Comment 21 Curtis Gedak 2016-04-04 16:20:34 UTC

Hi Mike,

> By the way on my Kubuntu 12.04 LTS VM it only has /dev/mapper/fakeraid?
> links and no /dev/mapper/fakeraidp? links.  This is when the Fake RAID
> was initially created and after rebooting too.  Could it be related to
> you using the RAID name of "Vol0" (ending in a digit) and me using
> "MyRaid" (not ending in a digit)?

Yes.  The last character of the device name is important.

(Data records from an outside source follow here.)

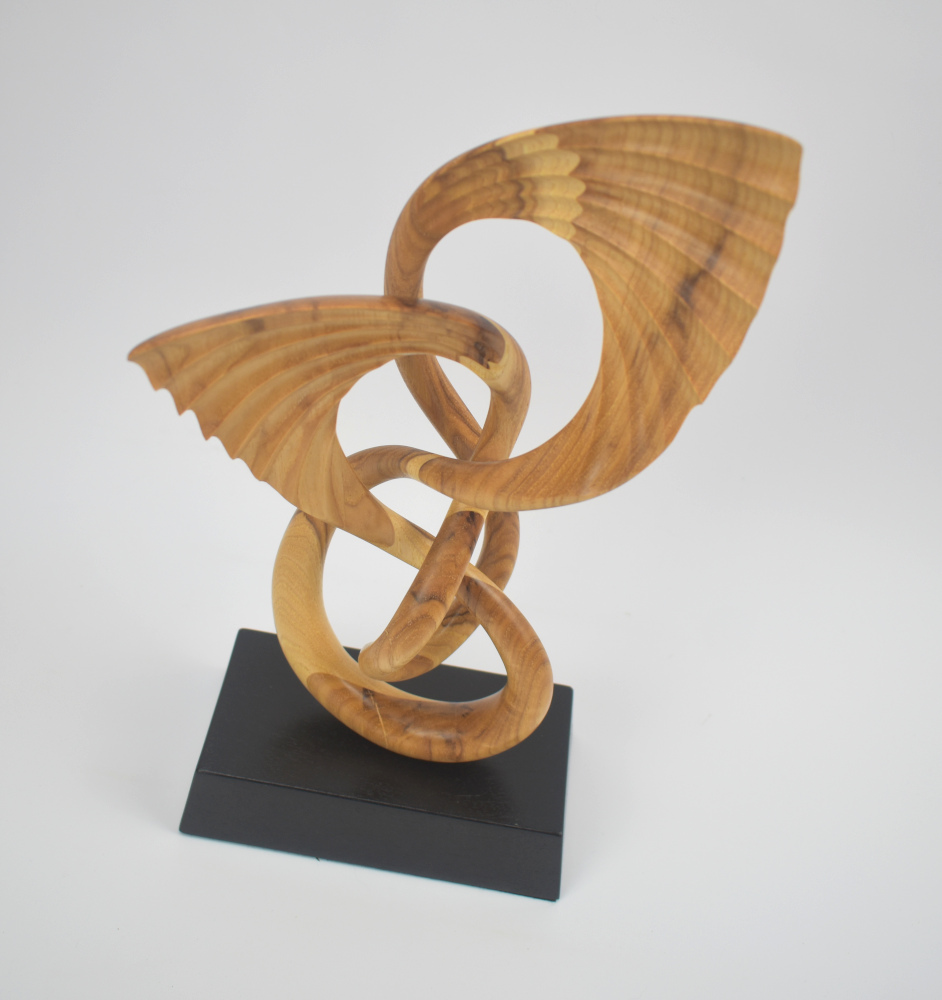Sculpture 26.6 image 7
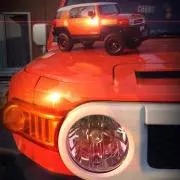 ナオ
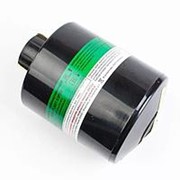 Фильтр комбинированный Бриз-3001 К3Р3D фото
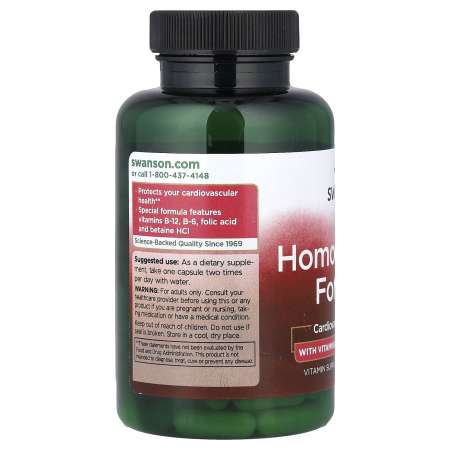 homocysteine-formula-swanson [2]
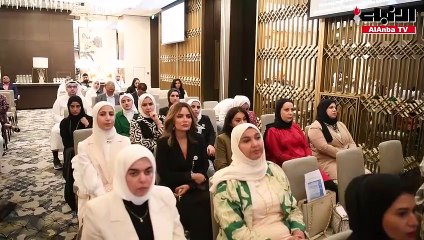 الكويت  تفي بجميع التزاماتها في الاتفاقيات الخاصة بحماية طبقة الأوزون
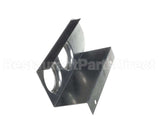 50DK500129 Bryant Payne Retainer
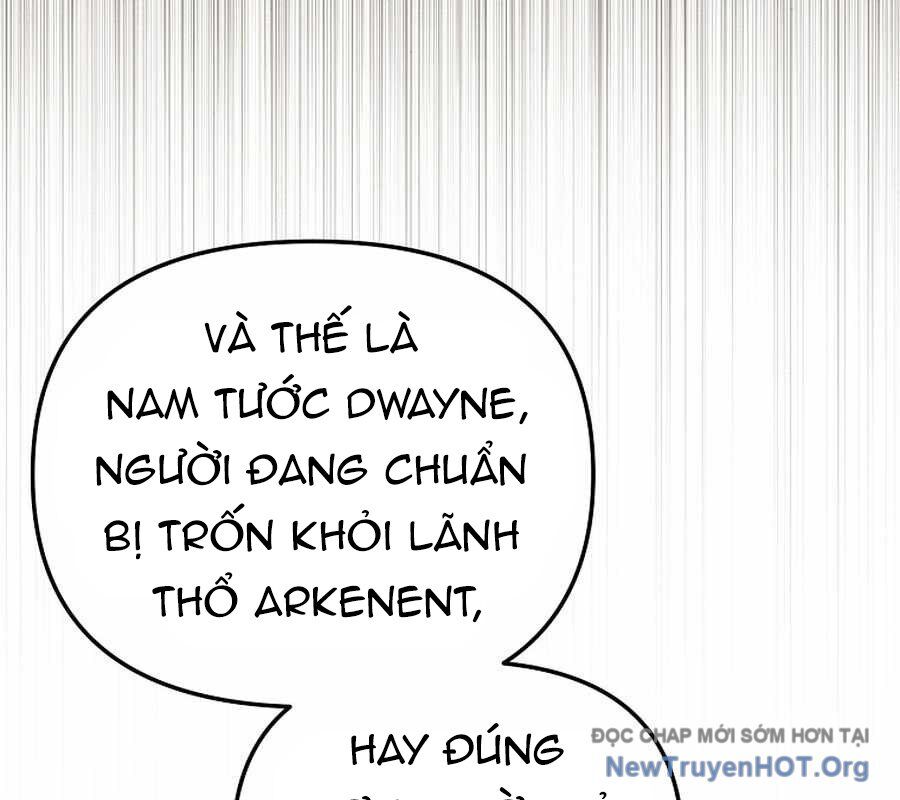 Thuần Thú Sư Thiên Tài Chapter 46 - Trang 2
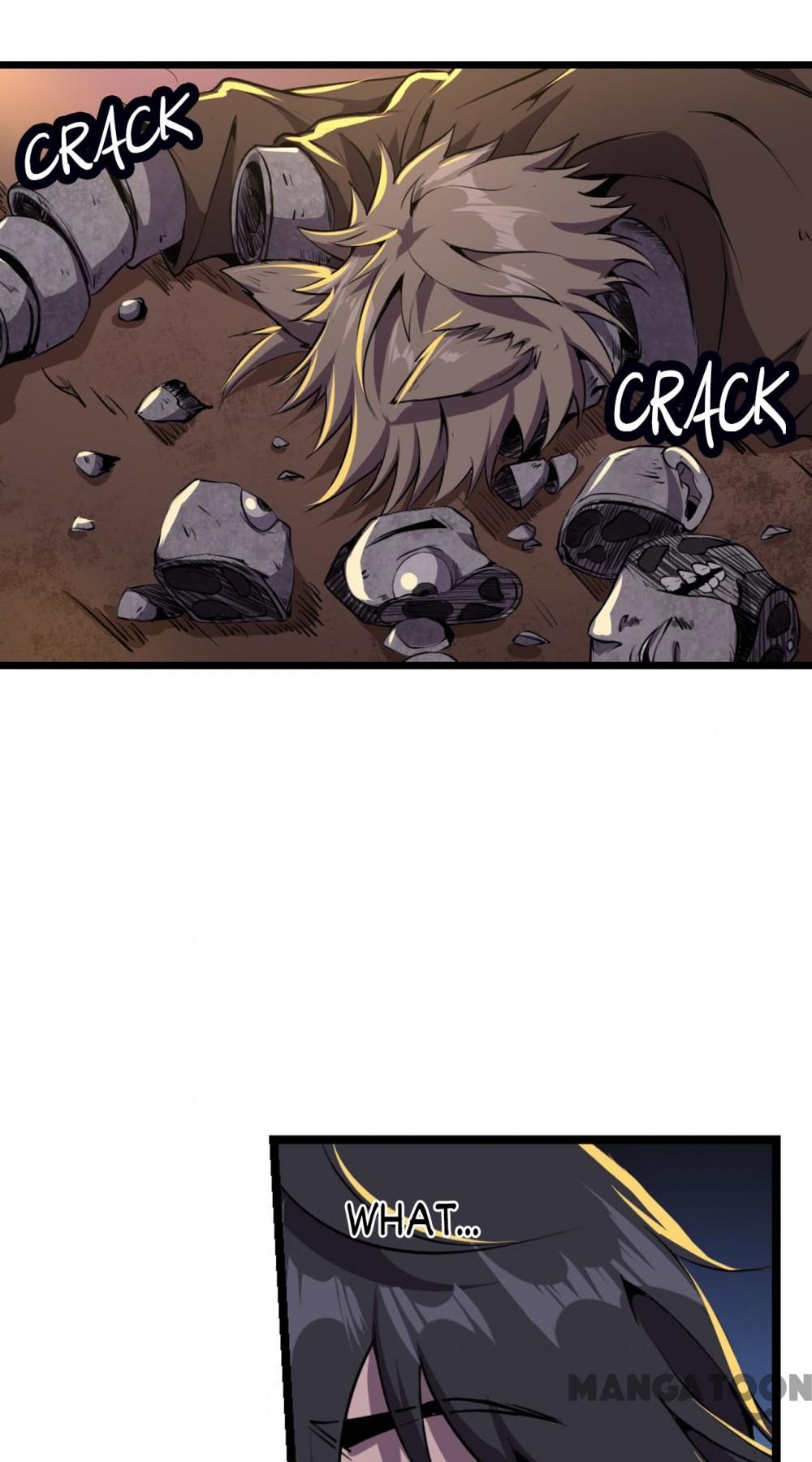 Page 13 of Chapter 3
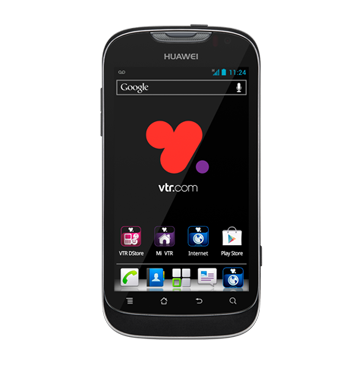 Huawei Ascend G312 Format Atma, Fabrika Ayarları, Sıfırlama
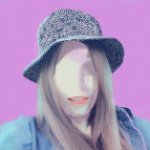 Profile Picture of Hana Liu (@hanaliu) on Instagram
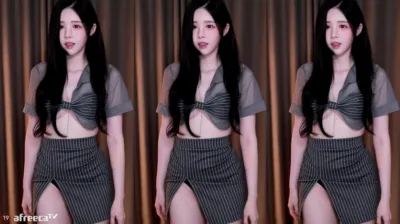 BJ햄찡（gusdk2362）221021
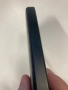 Nokia 210 Asha 210.4, като нов, снимка 8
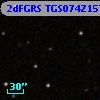 2dFGRS TGS074Z157
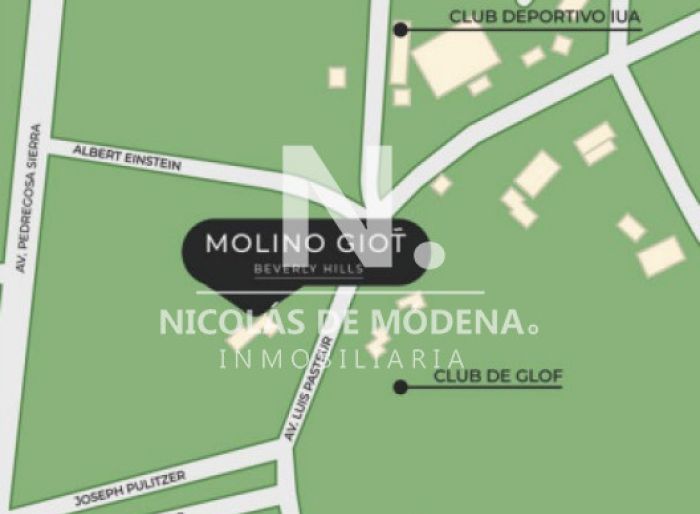 imagen  de la propiedad 156334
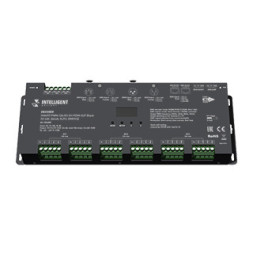 Декодер для свд ленты Arlight 046483 SMART-PWM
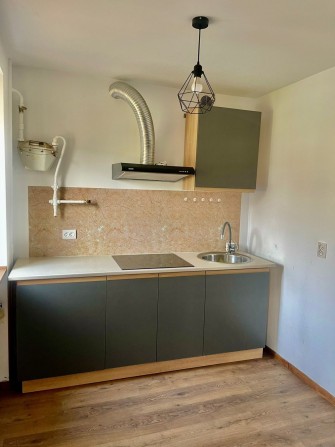 Термінова продаж 2 кімнатной квартири ЦІНА ТИЖНЯ!!! - фото 1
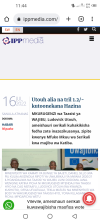 Screenshot_20220716-114415.png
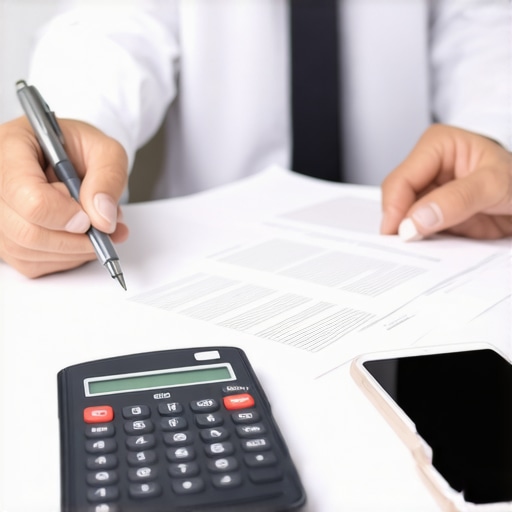 How to Dispute a Debt You Already Paid Two Years Ago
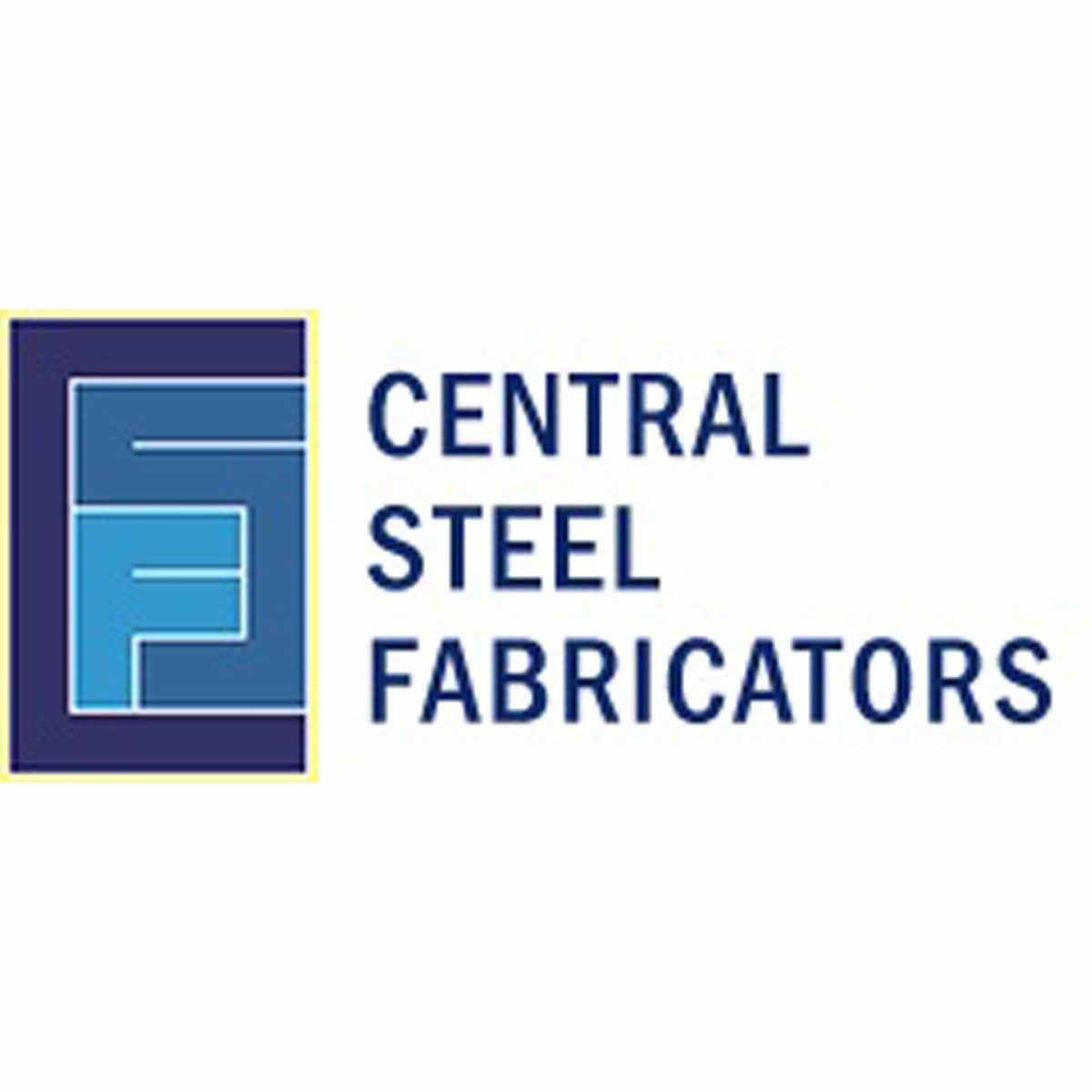 Central Steel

The generally accepted way of naming partitions in Linux is as
follows:

  If the device name ends in a number, then append a "p" followed by
  the partition number.

      E.g.      Device name:  isw_efjbbijhh_Vol0
      yields Partition name:  isw_efjbbijhh_Vol0p1

  Else (the device name does not end in a number), then append only
  the partition number.

      E.g.      Device name:  isw_efjbbijhh_Vol
      yields Partition name:  isw_efjbbijhh_Vol1

I have never found this partition naming rule explicitly stated
before, but it is common practice.  The one glaring exception I
encountered was with DMRAID.

Many versions of DMRAID append only the partition number to the device
name, regardless of whether the device name ends in a number.  The
problem with such a naming scheme is that it is impossible to
determine if a path is a device name or a partition name from just the
name.

  For example:  isw_efjbbijhh_Vol12

  Is this?
    a)  the twelfth disk device
    b)  The second partition on the first disk device isw_efjbbijhh_Vol1
    c)  The twelfth partition on disk device isw_efjbbijhh_Vol

This confusion is avoided if the above listed generally accepted
partition naming rule is used.

Newer versions of DMRAID in Ubuntu use the generally accepted
partition naming rule because Phillip Susi patched this in Ubuntu.
Unfortunately patches never made it into the upstream DMRAID because
it appears the project is no longer maintained.

Curtis

Comment 22 Mike Fleetwood 2016-04-06 17:54:47 UTC

Bug 764658 "GParted crashes when reading NTFS usage when there is no
/dev/PTN entry" has been raised to record the code changes to fix the
core dump because it is separate to the code fixes in this report.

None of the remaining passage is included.